Activity: Pictures are to be left out, and only the lines below starting at the one with "Zimmer in der Friedrichstrasse 63 - Foto 1" and ending at the one with "home luxury spa setup" are to be reproduced, each exactly, both ends included.

Information provided:
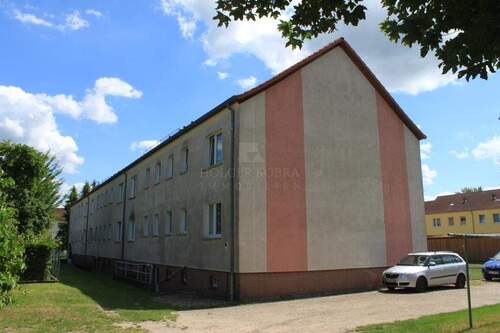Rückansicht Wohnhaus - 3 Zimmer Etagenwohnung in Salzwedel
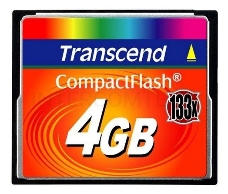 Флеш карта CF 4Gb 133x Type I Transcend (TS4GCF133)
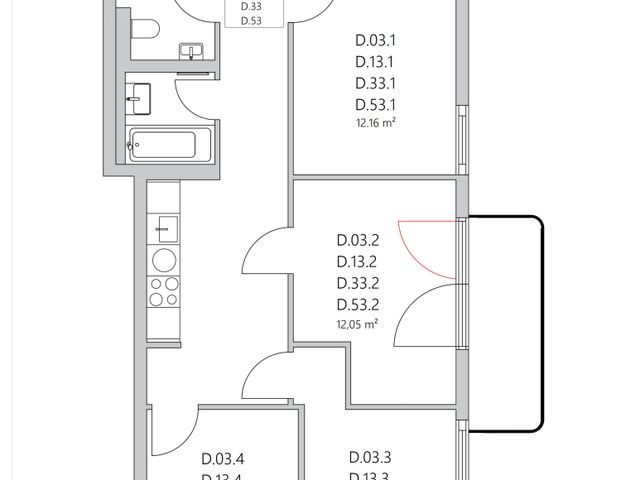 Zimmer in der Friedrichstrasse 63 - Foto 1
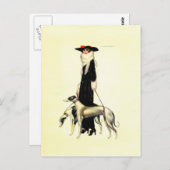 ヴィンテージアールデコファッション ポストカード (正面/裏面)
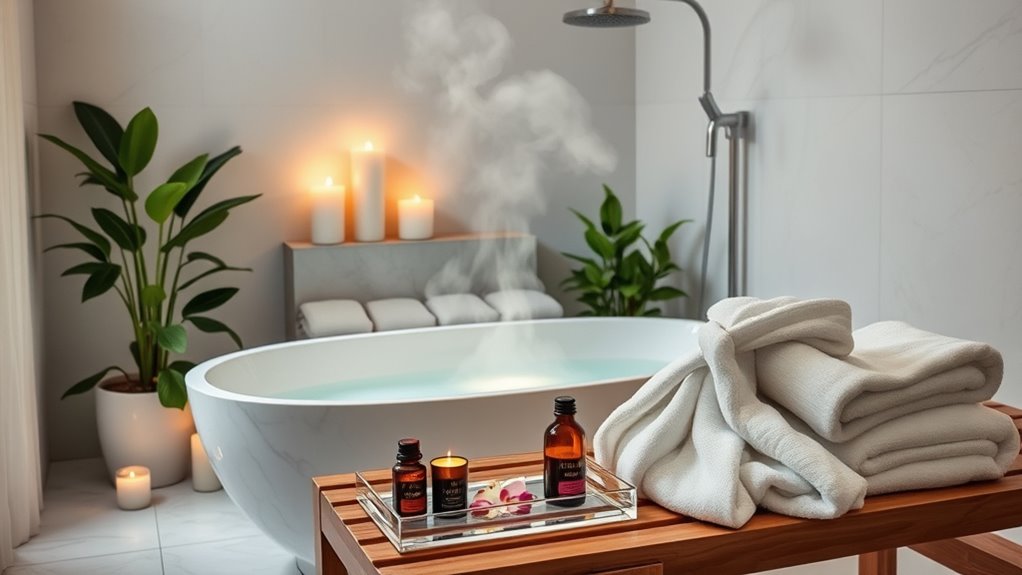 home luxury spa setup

...

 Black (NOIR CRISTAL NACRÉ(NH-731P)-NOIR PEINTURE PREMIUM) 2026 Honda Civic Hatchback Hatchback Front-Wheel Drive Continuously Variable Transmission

Output below:
 Zimmer in der Friedrichstrasse 63 - Foto 1
 ヴィンテージアールデコファッション ポストカード (正面/裏面)
 home luxury spa setup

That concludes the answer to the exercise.